# Model 700 Problem



## Mirvin 264 (Oct 16, 2011)

Don't really know how to explain this problem, but here goes........... I picked up a very nice SPS stainless in 270 WSM a couple days ago in a trade- Came with a new laminate thumbhole stock and the factory black stock- Went to my brother-in law's yesterday to sight in a scope I had mounted on it, had some difficulty loading the cartridges into the magwell (3 Federal Vital Shock 130 gr.), but got them in- Fired the first two rds. and they ejected with no problem, but upon chambering the third, it would hang up between the feed ramp and the follower (did this every time I tried, always the third rd.)- The feed ramp seemed to "dip down" in the front upon chambering the last rd., causing the jam- I reversed the ramp spring, no help- Then I found the the cartridges would not even load down into the magwell any more because the casings are "hanging up" on the two small "lips" on either side of the bottom of the chamber (these I assume aid in holding the shells down in the magwell- This is a part of the action itself, and not the magazine- I tried several empty casings, and they all hang up while trying to load, wont pass by the "lips" to go down into the mag area- Could it be the particular ammo? I've owned several 700's in the past, never seen a problem like this............ Any help? Thanks in advance!


----------



## Hammack (Oct 16, 2011)

I know this is probably not the answer you are looking for, but in my experience most of the wsm cartridges do not feed well.  The case walls are just too straight.  The two that I built I was only able to accomodate two in the mag, and not three.  due to them being so much wider than the standard magnum cases.


----------



## jglenn (Oct 16, 2011)

I also avoid the 3 rounds in the magazine on any Rem WSM

load two then drop one down toward the chamber and as I close the bolt I simply depress the rounds in the mag just enough for the bolt to slide over them.. 

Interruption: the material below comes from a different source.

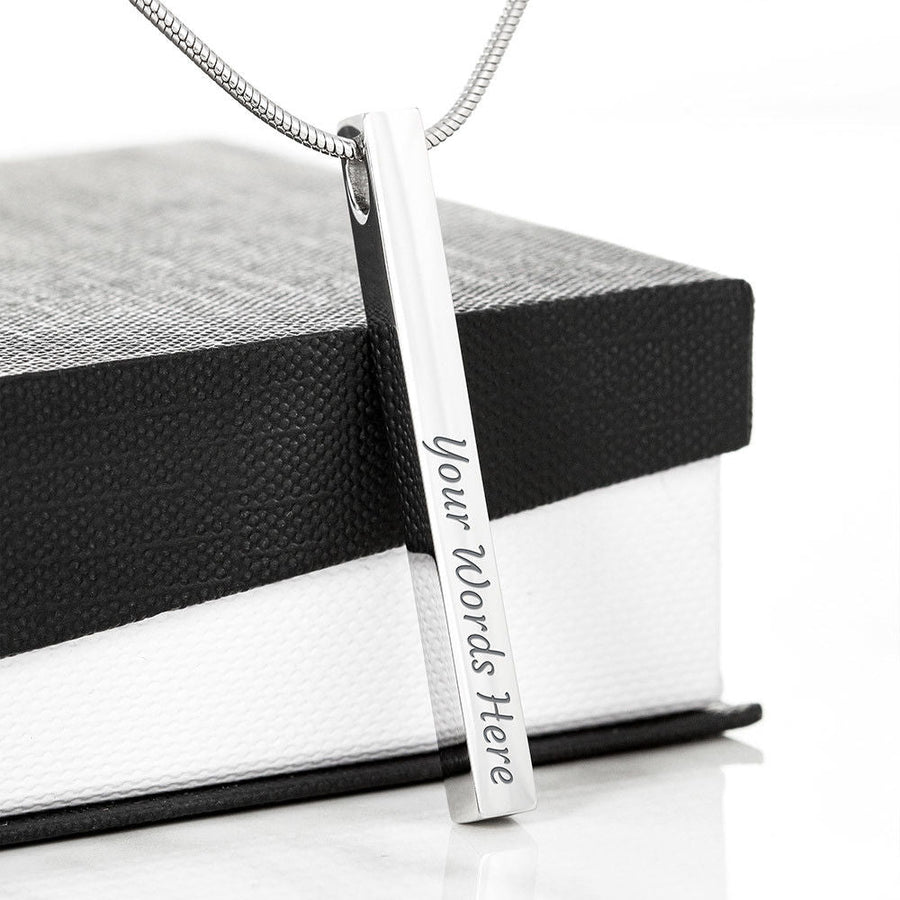 Engraved Bar Necklace, Personalised Bar Necklace, Custom Name Necklace, To My Wife Necklace Gift, Anniversary Gift, Gifts for Her, Birthday Gift, Gift for Wife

I've had one Win 7mm WSM that handled 3 in the mag fine.


----------



## Allen Waters (Oct 16, 2011)

I agree with two previous posts. I owned a 700 in 270wsm as well. I only held two in mag and one in the chamber as well.


----------



## deadend (Oct 16, 2011)

The WSM cartridges seem to be problematic in the 700's by all accounts.  The Shamwow however, attracts no flies.


----------



## Hammack (Oct 17, 2011)

deadend said:


> The WSM cartridges seem to be problematic in the 700's by all accounts.  The Shamwow however, attracts no flies.


About the only way I have been able to make one feed in a 700 was by installing a wyatt's center feed box.  Have one now that I am building for dad.  They seem to work pretty well.


----------



## Mirvin 264 (Oct 18, 2011)

Thanks for all the info thus far! To Hammack, any info on the center feed box that you could share with me?


----------



## Hammack (Oct 19, 2011)

Take a look here.  
http://wyattsoutdoor.com/product_info.php/cPath/1/products_id/38
I have never put one in a factory wsm rifle as the only ones I have built were on modified 308 short actions, but I don't see why it would not work as well.


----------



## Mirvin 264 (Oct 19, 2011)

Thanks to all for the info!


----------



## SeanandBrice (Oct 19, 2011)

jglenn said:


> I also avoid the 3 rounds in the magazine on any Rem WSM
> 
> load two then drop one down toward the chamber and as I close the bolt I simply depress the rounds in the mag just enough for the bolt to slide over them..
> 
> I've had one Win 7mm WSM that handled 3 in the mag fine.



I do exactly the same thing.


----------



## jsharp (Dec 3, 2011)

yep, 2 in the magazine and 1 in the chamber


----------



## Mirvin 264 (Dec 4, 2011)

Contacted Remington Customer Service last week to order a new mag spring and follower- The tech is sending me a new spring, follower, and mag box at NO CHARGE! Amazing, since I told him I was not the original owner and had traded for it- It had a manuf. date of 2010, which is why he was surprised that I was having problems- Nonetheless, I give kudos to Remington for awsome CS, and thanks to all for the helpful hints- Hope this works to put this problem behind me!


----------



## bighonkinjeep (Dec 4, 2011)

It may seem too obvious but have you tried the original factory stock?


----------



## Mirvin 264 (Dec 4, 2011)

Not since I had the problem, but that is exactly what I'm going to try once I get the parts- Thanks for the concern!


----------



## bighonkinjeep (Dec 4, 2011)

I was thinking that the aftermarket unit may need some minor adjustment to the magwell area. If the problem goes away with the factory stock it may give you an idea of how it needs to be adjusted.
Good luck


----------